Fifteen people, using a music business, "Outta They League," as a front for a drug distribution operation in southern and central New York, were charged Thursday in White Plains federal court for drug trafficking, according to Preet Bharara, the U.S. Attorney for the Southern District of New York.
Calling themselves OTL, after the music business, the 15 members are accused of distributing multiple kilograms of cocaine throughout southern and central New York, including Poughkeepsie, Bharara said.
Twelve were taken into custody Thursday in White Plains. Malcolm Kinyon, the business owner, was previously arrested, and two others, Davion McAdams and Anton Miller remain at large, Bharara said.
“The defendants charged today allegedly used a music company, ‘Outta They League,’ as a front to run their drug trafficking business. These arrests take ‘Outta They League’ out of the business of drugs and violence. We thank the FBI, the New York State Police, the U.S. Attorney’s Office for the Northern District of New York, and our many local law enforcement partners for their extraordinary partnership on this case,” he said.
Individual OTL members and associates, including Brian Bowman, aka "Pony," Aaron Hardy, Nicholas Leyva, aka "Stay High," Davion McAdam, aka "Goat," Dante McNair, aka "Tay,", Jaquan McNair, aka "Quannie," Anton Miller, aka, "Anton Singleton, and aka "Nord," Daniel Spotard, aka "D," Vaughn Stokes, aka "Qua," Star Bermudez, Derrick Ensley, aka "Dirk," and Bryan Whittle, aka "Tall B," obtained wholesale quantities of cocaine on consignment from Kinyon, and then would resell they drugs and use the proceeds to repay him. Kinyon would then reinvest the money in additional drugs to keep the business afloat, Bharara said.

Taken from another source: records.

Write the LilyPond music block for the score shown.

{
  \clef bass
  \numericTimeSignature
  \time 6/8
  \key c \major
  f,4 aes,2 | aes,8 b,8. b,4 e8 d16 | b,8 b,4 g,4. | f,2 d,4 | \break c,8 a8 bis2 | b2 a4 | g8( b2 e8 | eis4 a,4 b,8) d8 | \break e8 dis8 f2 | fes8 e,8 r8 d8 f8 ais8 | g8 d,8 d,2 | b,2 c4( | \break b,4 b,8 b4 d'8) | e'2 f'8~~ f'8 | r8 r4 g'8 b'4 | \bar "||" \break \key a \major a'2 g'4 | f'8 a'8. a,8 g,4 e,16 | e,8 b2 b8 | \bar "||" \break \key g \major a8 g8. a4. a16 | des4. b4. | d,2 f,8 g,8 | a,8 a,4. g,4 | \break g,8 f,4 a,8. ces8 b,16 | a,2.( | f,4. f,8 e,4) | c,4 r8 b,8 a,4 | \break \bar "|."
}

Neither the hometowns nor photos of those charged have been released.
They were all charged with narcotics conspiracy, and all but Jaquan McNair were charged with conspiracy to commit money laundering. If convicted, they face a minimum of 10 years for narcotics conspiracy and a maximum of life in prison. In addition, those charged with money laundering face another maximum of 20 years. The leader, Kinyon also faces 10 years for firearms trafficking.
Despite the negligible amounts of income derived from music, a bank account maintained by OTL received in excess of one million dollars between June 2013 through Jan. 2016, Bharara said.

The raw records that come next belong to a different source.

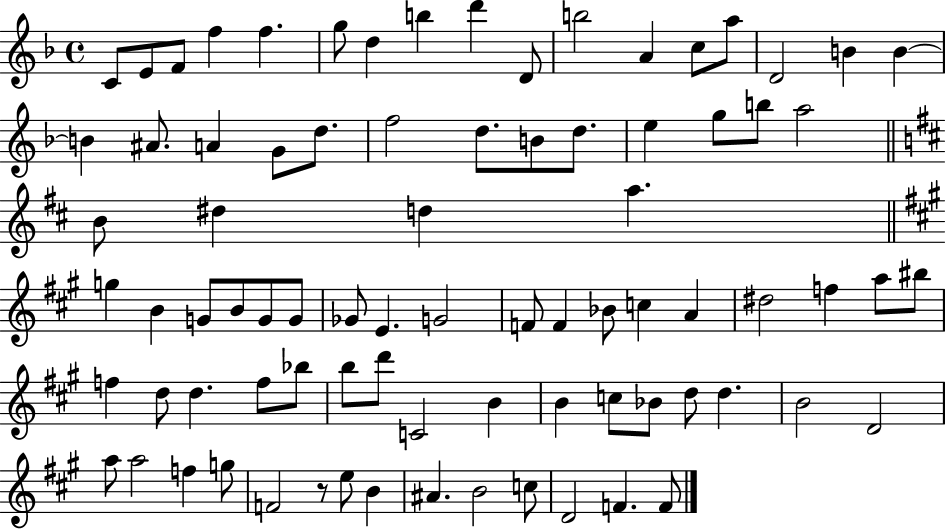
{
  \clef treble
  \time 4/4
  \defaultTimeSignature
  \key f \major
  \repeat volta 2 { c'8 e'8 f'8 f''4 f''4. | g''8 d''4 b''4 d'''4 d'8 | b''2 a'4 c''8 a''8 | d'2 b'4 b'4~~ | \break b'4 ais'8. a'4 g'8 d''8. | f''2 d''8. b'8 d''8. | e''4 g''8 b''8 a''2 | \bar "||" \break \key b \minor b'8 dis''4 d''4 a''4. | \bar "||" \break \key a \major g''4 b'4 g'8 b'8 g'8 g'8 | ges'8 e'4. g'2 | f'8 f'4 bes'8 c''4 a'4 | dis''2 f''4 a''8 bis''8 | \break f''4 d''8 d''4. f''8 bes''8 | b''8 d'''8 c'2 b'4 | b'4 c''8 bes'8 d''8 d''4. | b'2 d'2 | \break a''8 a''2 f''4 g''8 | f'2 r8 e''8 b'4 | ais'4. b'2 c''8 | d'2 f'4. f'8 | \break } \bar "|."
}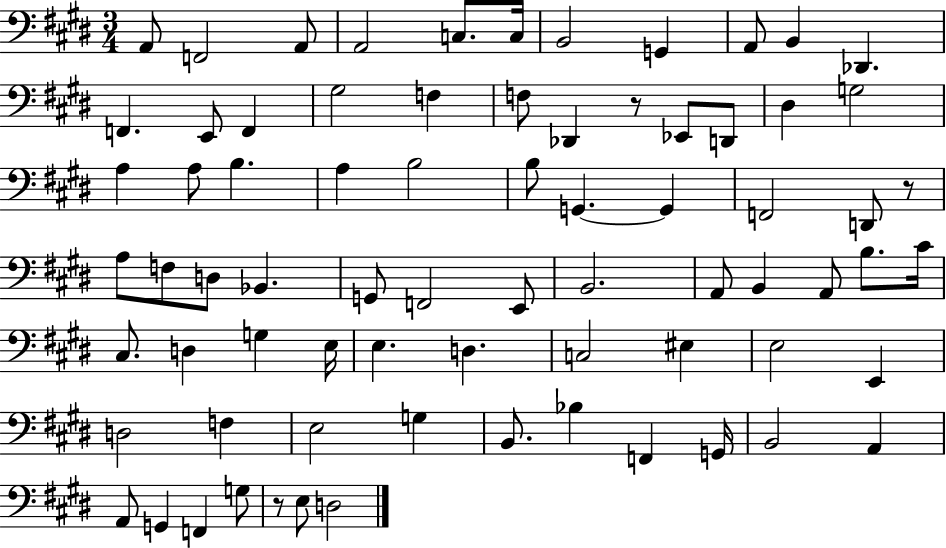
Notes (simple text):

A2/e F2/h A2/e A2/h C3/e. C3/s B2/h G2/q A2/e B2/q Db2/q. F2/q. E2/e F2/q G#3/h F3/q F3/e Db2/q R/e Eb2/e D2/e D#3/q G3/h A3/q A3/e B3/q. A3/q B3/h B3/e G2/q. G2/q F2/h D2/e R/e A3/e F3/e D3/e Bb2/q. G2/e F2/h E2/e B2/h. A2/e B2/q A2/e B3/e. C#4/s C#3/e. D3/q G3/q E3/s E3/q. D3/q. C3/h EIS3/q E3/h E2/q D3/h F3/q E3/h G3/q B2/e. Bb3/q F2/q G2/s B2/h A2/q A2/e G2/q F2/q G3/e R/e E3/e D3/h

In addition to trafficking narcotics, OTL members threatened the use of violence to keep dealers in line. OTL members and associates have been recorded discussing the use of violence, including the use of firearms and physical assaults, to ensure repayment for drug debts and to deter co-conspirators from providing information to law enforcement, the indictment said.

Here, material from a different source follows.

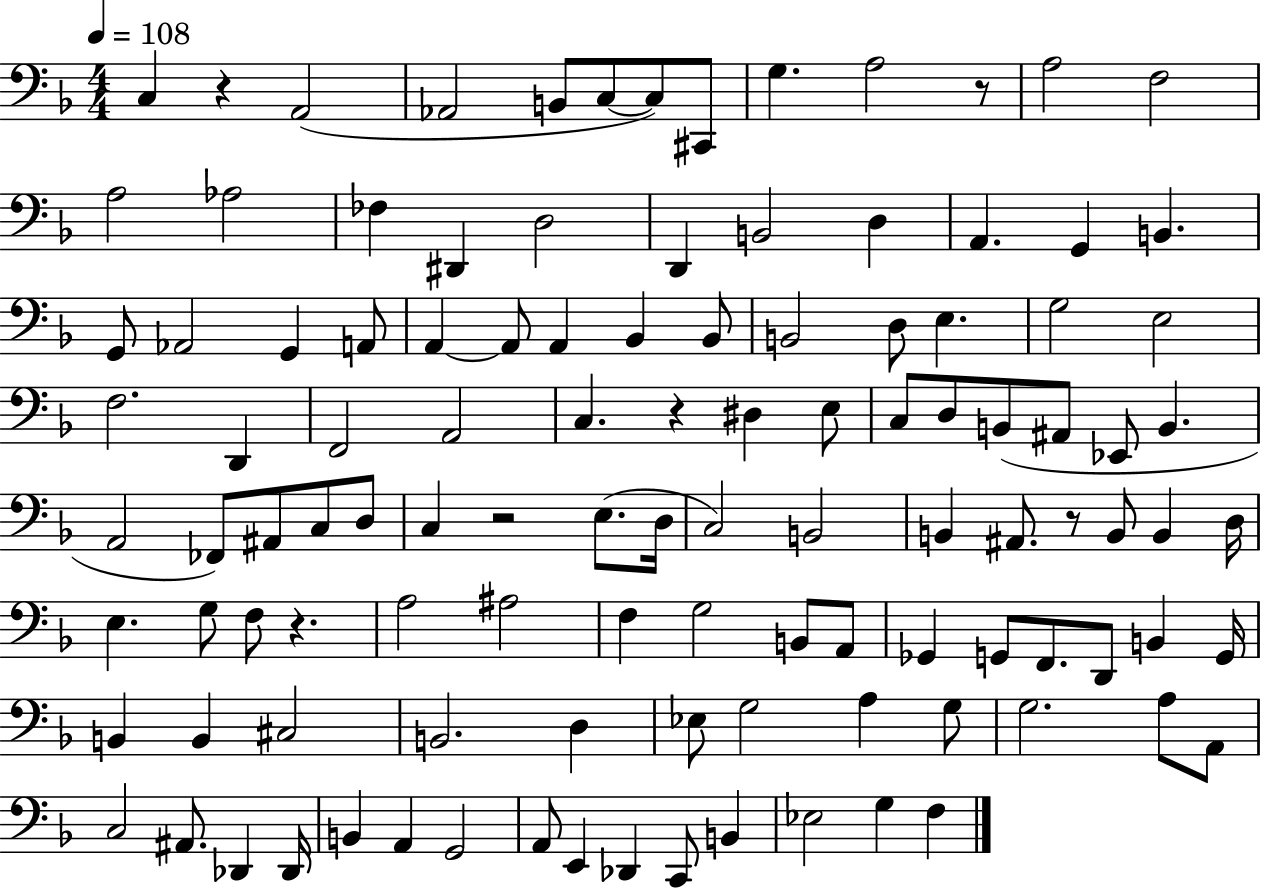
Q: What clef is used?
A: bass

Kinyon was also charged with trafficking in firearms purchased in Virginia and brought to New York for resale to OTL members and associates.
“We are grateful for the coordinated efforts of our partners in law enforcement in bringing a successful indictment against these individuals," said City of Poughkeepsie Acting Police Chief Thomas Pape. "Mr. Bharara has once again shown that criminal activity will not be tolerated and that he will successfully coordinate efforts between federal, state and local law enforcement agencies to arrest and prosecute those responsible for crimes committed in our communities.”
Bharara praised the investigative work of the FBI, the New York State Police, the Dutchess County Sheriff’s Office, and the City of Poughkeepsie Police Department.